• **Dataset section**:
┏━━
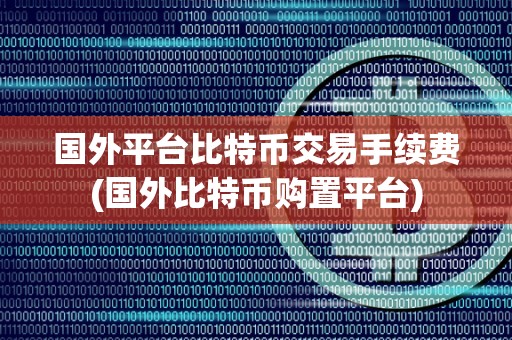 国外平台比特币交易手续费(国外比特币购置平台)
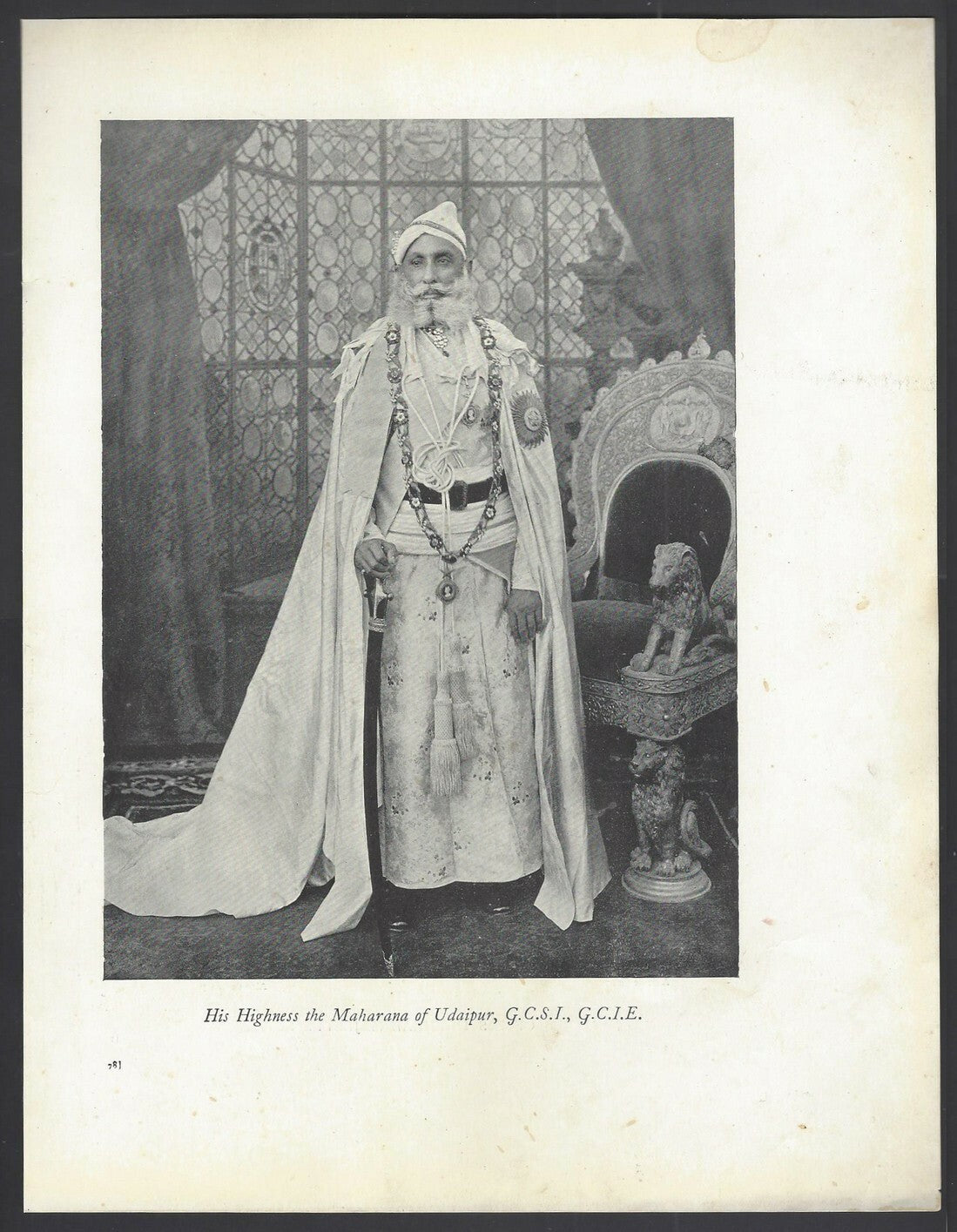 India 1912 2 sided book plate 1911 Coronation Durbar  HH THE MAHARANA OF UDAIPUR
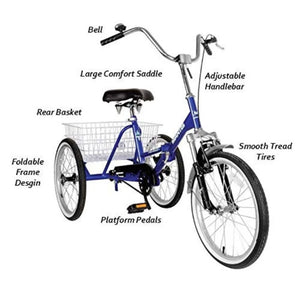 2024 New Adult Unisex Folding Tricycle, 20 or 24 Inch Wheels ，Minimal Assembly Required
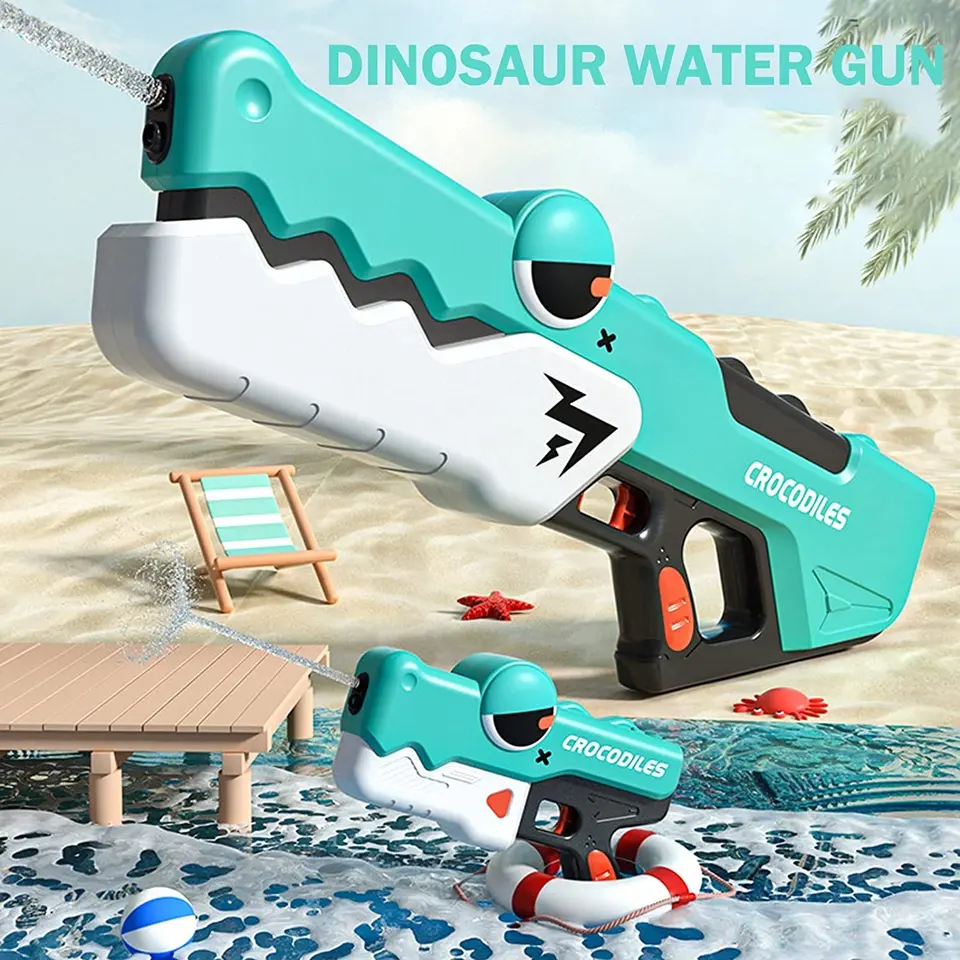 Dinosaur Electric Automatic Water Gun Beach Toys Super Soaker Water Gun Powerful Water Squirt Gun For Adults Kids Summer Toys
┗━━
• **Exercise prompt**:
Repeat the data above exactly, images excluded.

• **Expected answer**:
 国外平台比特币交易手续费(国外比特币购置平台)
 India 1912 2 sided book plate 1911 Coronation Durbar  HH THE MAHARANA OF UDAIPUR
 2024 New Adult Unisex Folding Tricycle, 20 or 24 Inch Wheels ，Minimal Assembly Required
 Dinosaur Electric Automatic Water Gun Beach Toys Super Soaker Water Gun Powerful Water Squirt Gun For Adults Kids Summer Toys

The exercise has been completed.